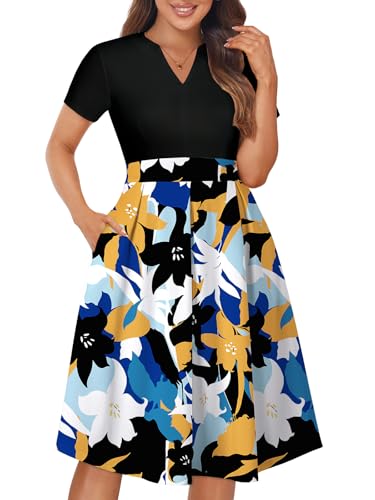 Image of YATHON Womens Elegant Print Notched Neck Slant Pocket Pleated Hem Casual A-Line Dress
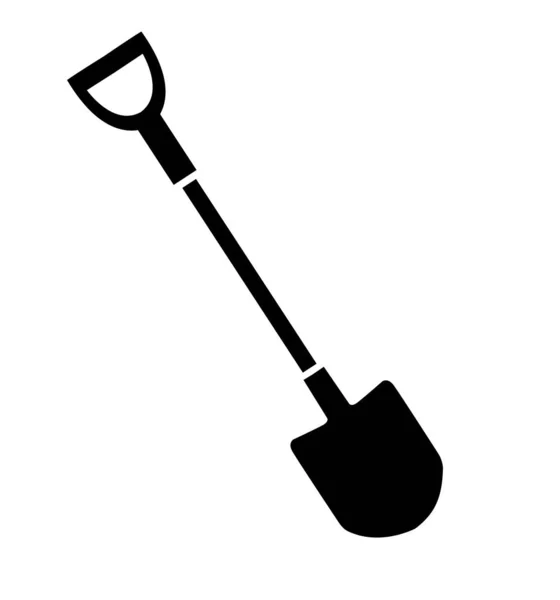 Shovel vector icon silhouette gardening vector illustration isolated — Stockvektor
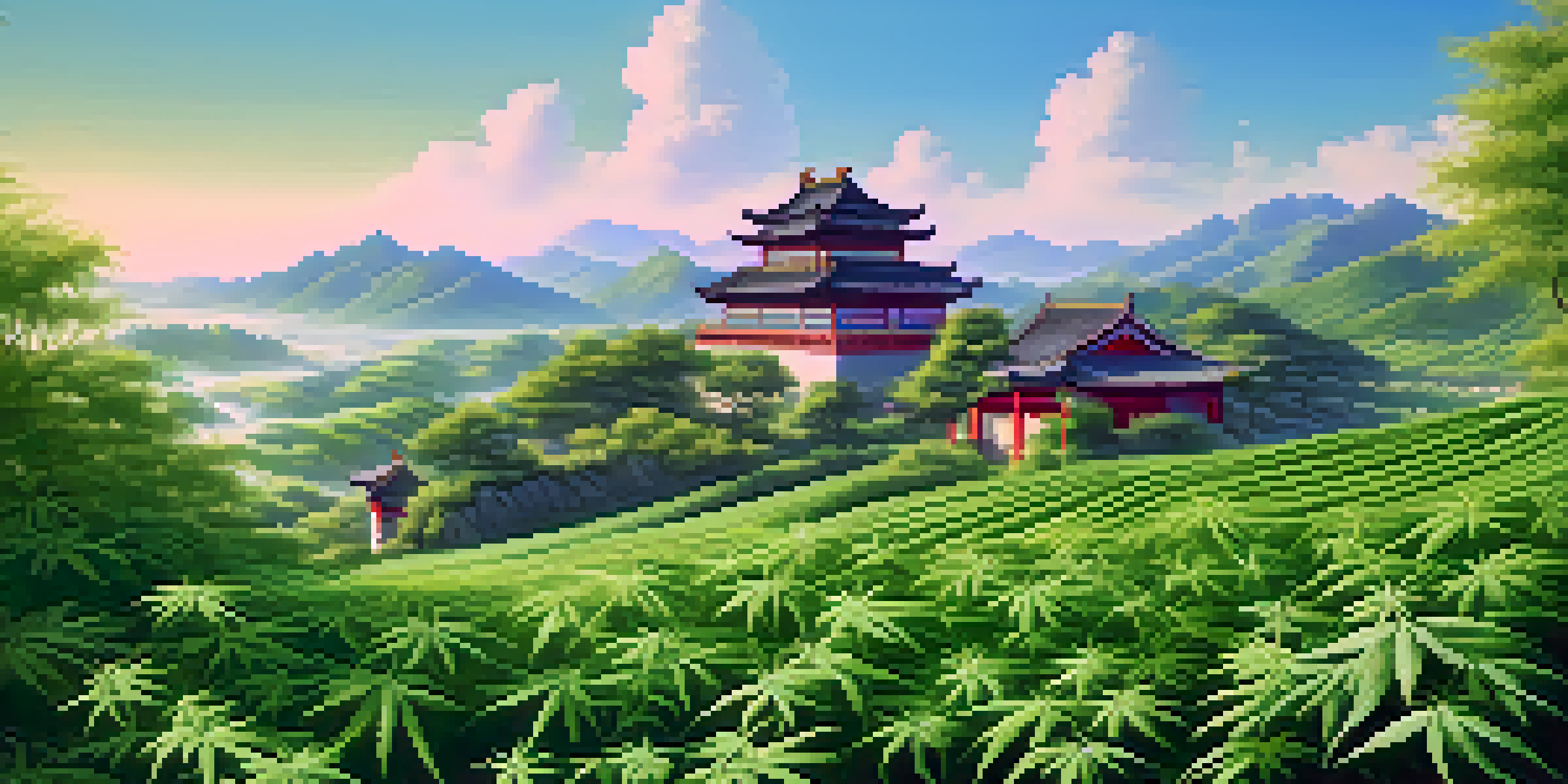 A peaceful ancient Chinese landscape with cannabis plants in green fields and traditional architecture under a blue sky.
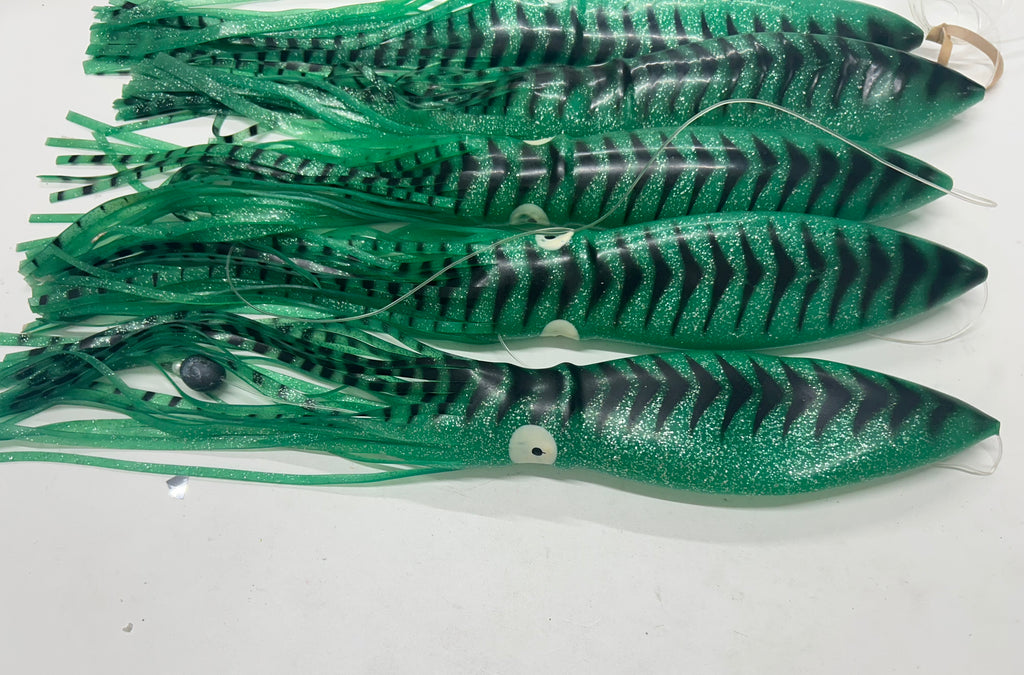 18" Giant Bluefin Tuna Squid Daisy Chain Teaser – 5 Count Green Mackerel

_ _ _

DIRECTIONS FOR THIS TASK |
Repeat the data exactly in full, omitting its pictures.

EXERCISE OUTPUT |
 Image of YATHON Womens Elegant Print Notched Neck Slant Pocket Pleated Hem Casual A-Line Dress
 Shovel vector icon silhouette gardening vector illustration isolated — Stockvektor
 A peaceful ancient Chinese landscape with cannabis plants in green fields and traditional architecture under a blue sky.
 18" Giant Bluefin Tuna Squid Daisy Chain Teaser – 5 Count Green Mackerel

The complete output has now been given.